By on February 15, 2017

Jaguar XE

Another relic of Jaguar’s ill-fated relationship with Ford has been kicked to the curb.

For 2018, Jaguar ditches its old 2.0-liter turbo and adds a new base four-cylinder engine to its lineup, bringing more power and efficiency to the XE sedan and a new starting point for its XF and F-Pace.

The new Ingenium engine, designed in-house, is a turbocharged 2.0-liter unit making 247 horsepower and 269 lb-ft of torque, topping the outgoing engine by 7 hp and 18 lb-ft.

With twin scroll turbos on tap, Jaguar claims the mill should address complaints related to lag and throttle response. The big technological news, however, is an electrohydraulic valvetrain that gives the engine’s electronic nanny full control of intake valve lift. This should translate into improved fuel efficiency and greater power delivery at all engine speeds. Maximum torque is now available at just 1,200 rpm.
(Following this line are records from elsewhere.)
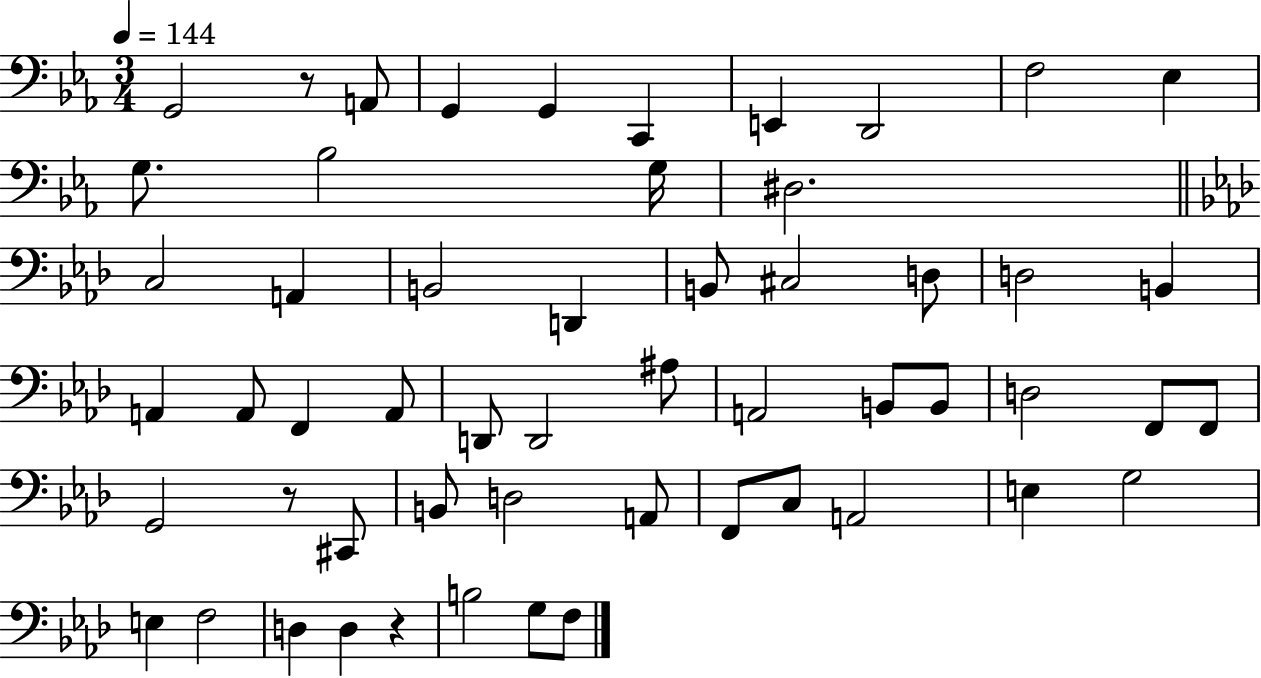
X:1
T:Untitled
M:3/4
L:1/4
K:Eb
G,,2 z/2 A,,/2 G,, G,, C,, E,, D,,2 F,2 _E, G,/2 _B,2 G,/4 ^D,2 C,2 A,, B,,2 D,, B,,/2 ^C,2 D,/2 D,2 B,, A,, A,,/2 F,, A,,/2 D,,/2 D,,2 ^A,/2 A,,2 B,,/2 B,,/2 D,2 F,,/2 F,,/2 G,,2 z/2 ^C,,/2 B,,/2 D,2 A,,/2 F,,/2 C,/2 A,,2 E, G,2 E, F,2 D, D, z B,2 G,/2 F,/2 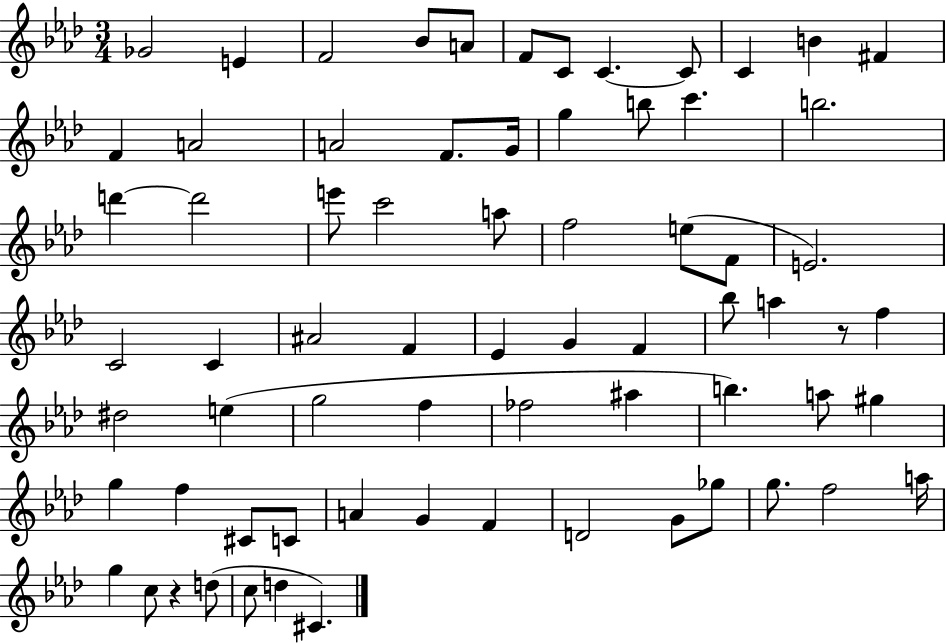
Gb4/h E4/q F4/h Bb4/e A4/e F4/e C4/e C4/q. C4/e C4/q B4/q F#4/q F4/q A4/h A4/h F4/e. G4/s G5/q B5/e C6/q. B5/h. D6/q D6/h E6/e C6/h A5/e F5/h E5/e F4/e E4/h. C4/h C4/q A#4/h F4/q Eb4/q G4/q F4/q Bb5/e A5/q R/e F5/q D#5/h E5/q G5/h F5/q FES5/h A#5/q B5/q. A5/e G#5/q G5/q F5/q C#4/e C4/e A4/q G4/q F4/q D4/h G4/e Gb5/e G5/e. F5/h A5/s G5/q C5/e R/q D5/e C5/e D5/q C#4/q.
Also new on the Ingenium unit is a reworked direct-injection system and an exhaust manifold that’s integrated into the cylinder head casing. Expect faster engine warm-up times, Jaguar says, thanks to coolant flowing through the manifold.

While Jaguar has maintained its existing 2.0-liter diesel and two supercharged 3.0-liter V6 engines in 2018 models, it adds the gas four to the higher-end XF sedan and F-Pace SUV.

That translates into fewer bucks for an entry-level XF, which sees its base MSRP fall from $48,250 to $47,775 (excluding a $995 delivery charge and fees).

When installed in the F-Pace, Jaguar says the Ingenium gas four will move the SUV to 60 miles per hour from a standstill in 6.4 seconds. Price, on the other hand, hasn’t become more competitive. Starting MSRP rises slightly to $42,065.

Besides a new engine, the XE gains a range-topping S trim for 2018, adopting the 380 hp supercharged V6 from the F-Type, which tops the second-rung R-Sport by 40 hp. Now better positioned to tackle its formidable German competition, the XE sees its entry price jump to $35,725 from 2017’s $34,900.

A limited-edition Portfolio trim is available on the XE, XF and F-Pace, powered by the 340 hp V6.

To keep pace with its rivals, Jaguar boosted the amount of driver assist technology on its models. The full suite is now available of more trims, and two new features arrive for 2018. The first is Forward Traffic Detection, which uses a forward-facing camera and corner radars to pick out obstructions, while Forward Vehicle Guidance is meant to assist drivers performing low-speed maneuvers in tight spots.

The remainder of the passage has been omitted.